Written by Yuhua Zhang, GEI Associate
According to various media reports, Chinese government departments, and China’s central bank, China GDP growth rate in 2015 may be cut to “around” 7% which is the lowest since global financial crisis in 2008.
The growth target is set to be announced by Chinese Premier Keqiang Li at the annual parliament session in March. It is believed that the 7% target would be the bottom line to Chinese government – but the 7% was not meant as an exact number.
There seems two main reasons that will throttle the growth of Chinese GDP.
Slowdown in real estate investment: The deceleration of Chinese economic expansion is mainly because of the continuous slowdown in real estate investment. According to the forecast by JPMorgan Chase, Chinese growth rate of real estate investment in 2015 may be around 5% to 6%, which further slows down compared with that in 2014. The continuous downside trend in real estate investment will cause further pressure to the demands of land sales and relevant industries.
Excess production capacity: Due to the situations that foreign market demand is hard to rise significantly; domestic demand is stable in the recent several years; the relative shortage of technological innovation, the excess investment in productions brings too much supplies in Chinese market. Xuesong Li, the deputy director of Institute of Economics in Chinese Academy of Social Sciences, analyzed that although China has achieved positive results in defusing the problem of excess production capacity in recent several years, the problem is still one of the main factors to restrain Chinese economic operation in 2015 because the excess supplies are long-term accumulated and there still have some more new production capacity being released from past investments.

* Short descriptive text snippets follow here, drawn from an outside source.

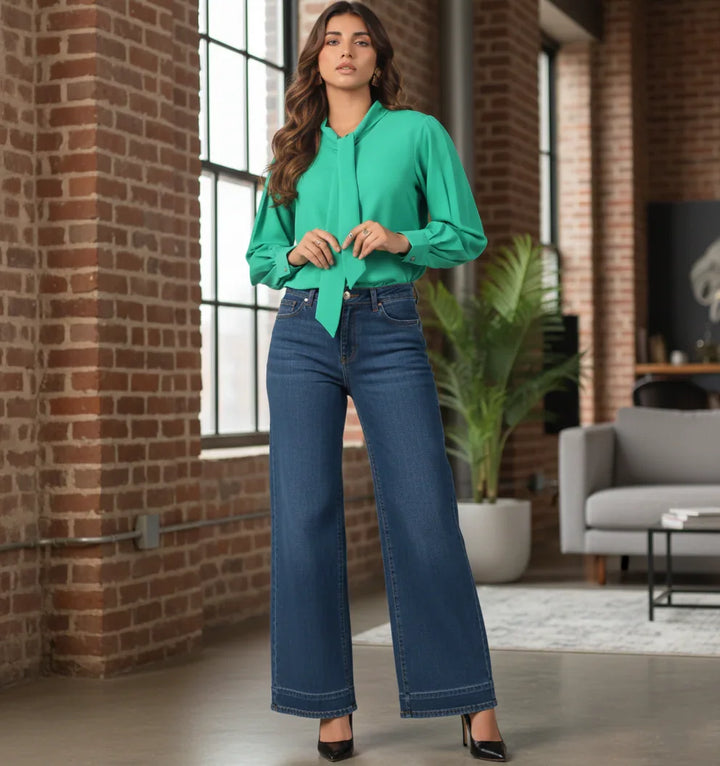 Green shirt styled with wide leg jeans for casual wear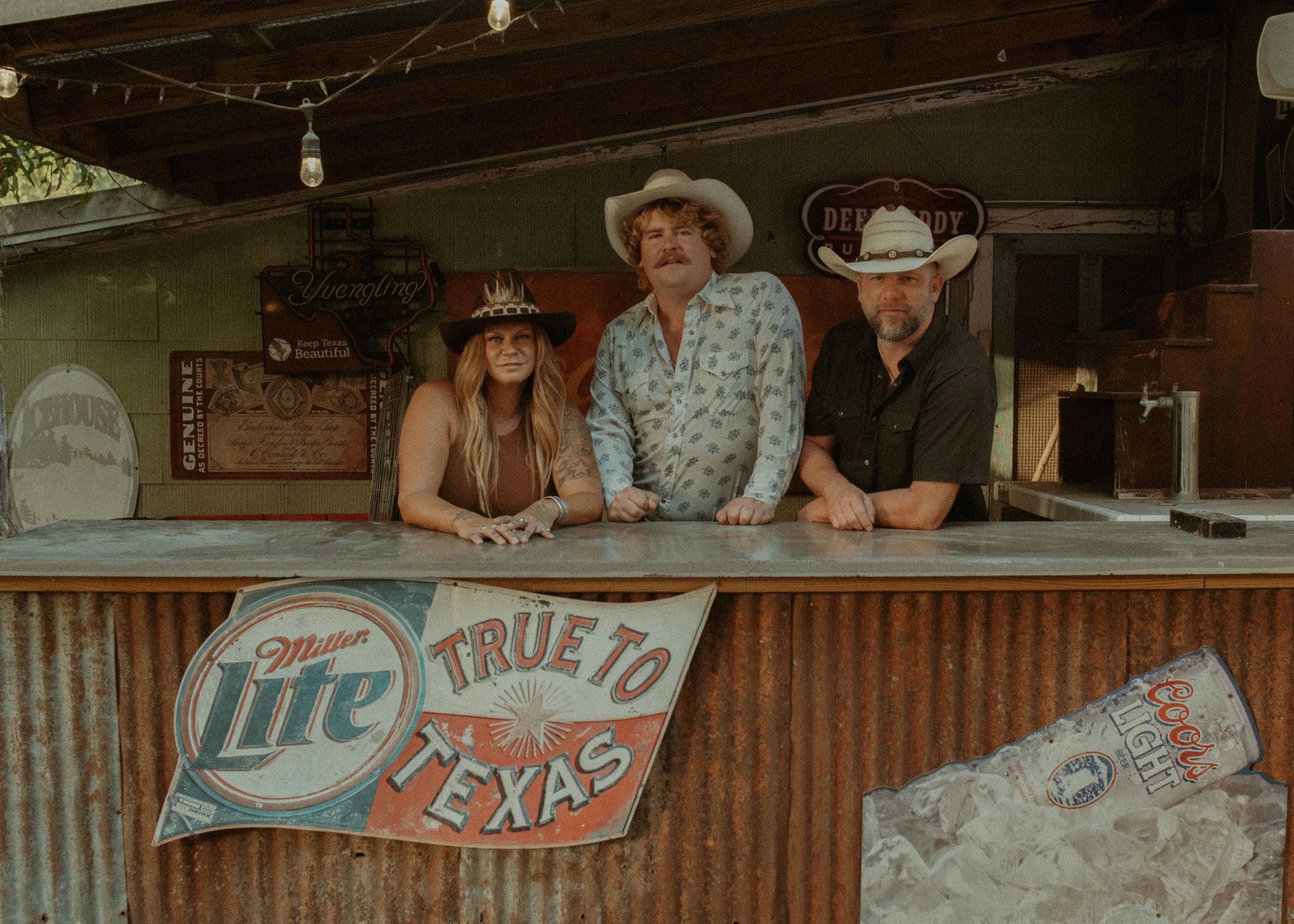 Three people wearing cowboy hats and western clothing standing behind a bar counter at a rustic Texan bar with vintage signs and posters on the wall.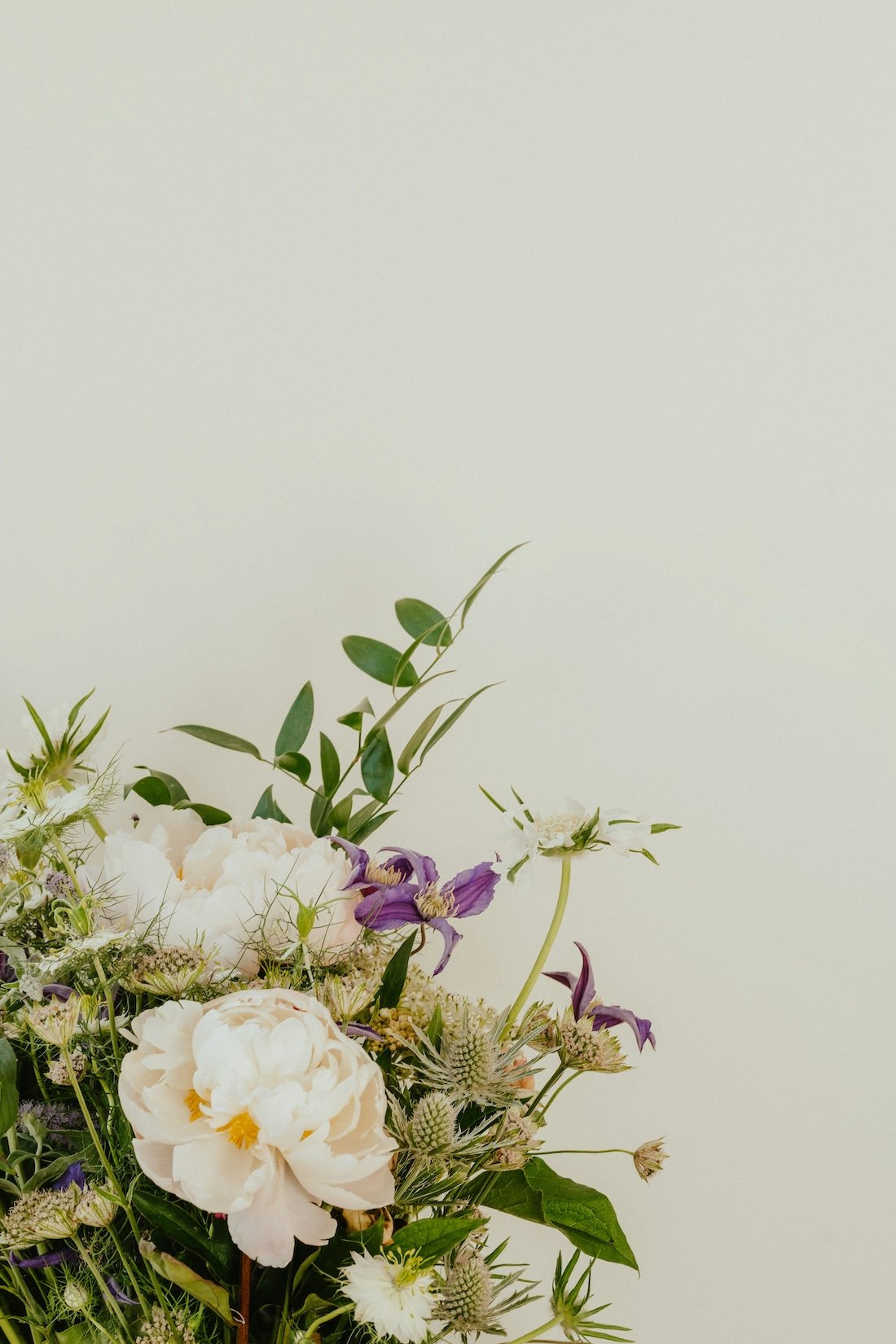 A bouquet of white peonies, purple irises, and various greenery set against a plain, light-colored background.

Nevertheless, although it is a consensus that Chinese GDP growth will slow down in 2015, most of economists deem the rate will not drop below 7%. Yang Yao, the dean of National School of Development at Peking University, states that Chinese economy has entered into transitional period. During the period, it is normal to perform that economic growth slows down; service industry becomes the leading industry in Chinese economy; domestic demands become more and more important; income distribution is improved. He also deems that it is no problem to maintain the growth rate between 7% and 7.5% after the promotion of labor efficiency.
Furthermore, Andrew Tilton, chief Asia Pacific economist in Global Investment Research at Goldman Sachs, proposes that the key points for Chinese policymakers to manage the economy are to stabilize labor market and move forward on structural reforms.